People lose weight when they are in the later stages of age-related disease, and thus we must discard every study that failed to distinguish between (a) people who are in a normal weight range because they are dying and (b) people who are in a normal weight range and essentially as healthy as they can be for their age group. Sadly, that is a great many studies, including those that have been adopted as a security blanket by that portion of the public at large who wish to be told something other than that they should strive to lose weight or suffer the consequences. In reality, every increment of visceral fat tissue adds to the risk of age-related disease and early mortality.
Of the two studies I'll point out here, the first is representative of more modern work on the consequences of being overweight, in which the authors take more care with the data, and their conclusions conform to the present consensus. The second is an interesting addition that might be considered to support the idea that the best metric of harm is the amount of excess fat multiplied by how long that level of fat is sustained. So being fat for a few years is bad, and leaves a lasting footprint on your future risk of age-related disease, but being fat for a decade or two is far worse. Like smoking, the best time to stop is always now. Continuing as you are will only make matters worse.
Study of 500,000 people clarifies the risks of obesity
Elevated body mass index (BMI) - a measure of weight accounting for a person's height - has been shown to be a likely causal contributor to population patterns in mortality, according to a new study. Specifically, for those in UK Biobank (a study of middle to late aged volunteers), every 5kg/m2 increase in BMI was associated with an increase of 16 per cent in the chance of death and specifically 61 per cent for those related to cardiovascular diseases.
While it is already known that severe obesity increases the relative risk of death, previous studies have produced conflicting results with some appearing to suggest a protective effect at different parts of the spectrum of body mass index. Until now, no study has used a genetic-based approach to explore this link. The findings which link body mass index and mortality, confirm that being overweight increases a person's risk of death from all causes including cardiovascular diseases and various cancers.
The team applied a method called Mendelian randomization, a technique that uses genetic variation in a person's DNA to help understand the causal relationships between risk factors and health outcomes - here mortality. This method can provide a more accurate estimate of the effect of body mass index on mortality by removing confounding factors, for example, smoking, income and physical activity, and reverse causation (where people lose weight due to ill health), which could explain the conflicting findings in previous observational studies.
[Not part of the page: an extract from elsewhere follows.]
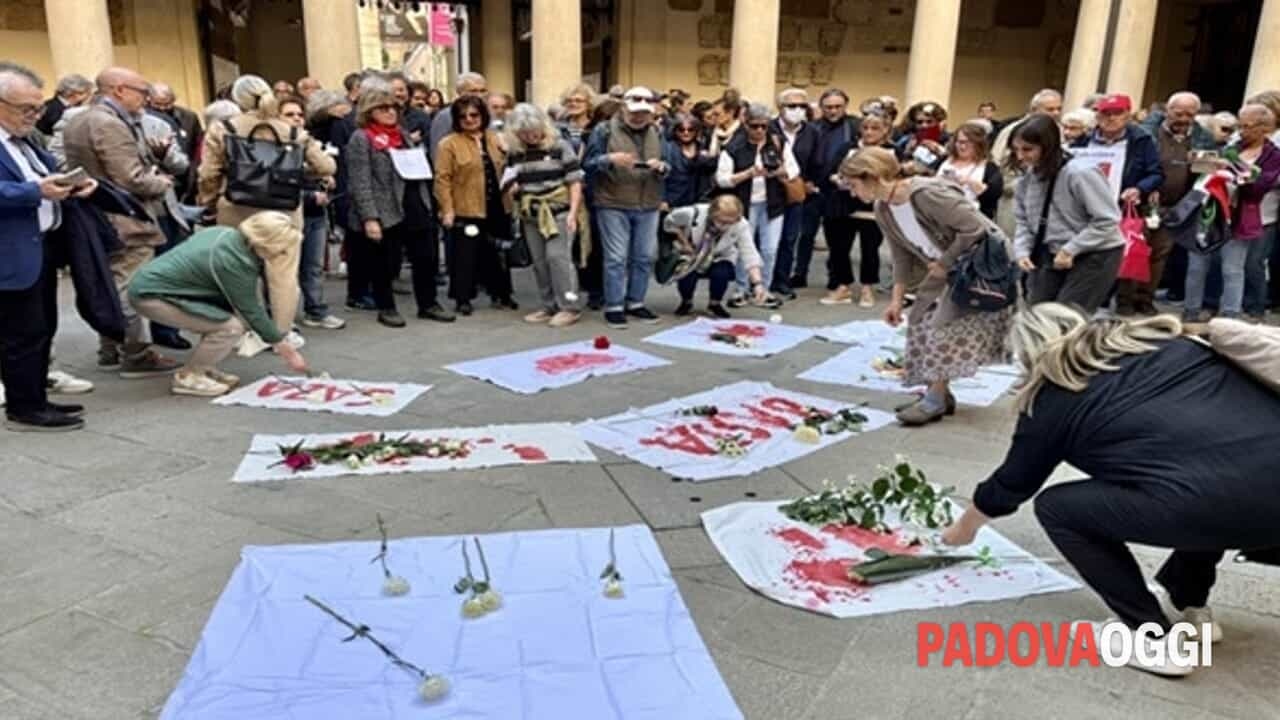 "Gazze'de yeteri kadar bomba var": Padua'nın merkezinde 500 kişi barış istedi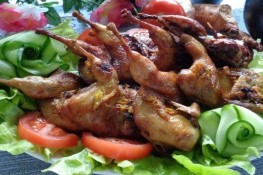  Cơm ngon với: Chim cút chiên sả, bún canh chua và bánh trà xanh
Weight Cycling Increases Longevity Compared with Sustained Obesity in Mice
Despite the known health benefits of weight loss among persons with obesity, observational studies have reported that cycles of weight loss and regain, or weight cycling, are associated with increased mortality. To study whether weight loss must be sustained to achieve health and longevity benefits, we performed a randomized controlled feeding study of weight cycling in mice.
In early adult life, obese mice were randomized to ad libitum feeding to sustain obesity, calorie restriction to achieve a "normal" or intermediate body weight, or weight cycling (repeated episodes of calorie restriction and ad libitum refeeding). Body weight, body composition, and food intake were followed longitudinally until death. A subsample of mice was collected from each group for determination of adipose cell size, serum analytes, and gene expression.
Weight loss significantly reduced adipose mass and adipocyte size in both sexes, whereas weight cycling animals regained body fat and cell size during refeeding. Sustained weight loss resulted in a dose-dependent decrease in mortality compared with ad libitum feeding. In conclusion, weight cycling significantly increased life-span relative to remaining with obesity and had a similar benefit to sustained modest weight loss.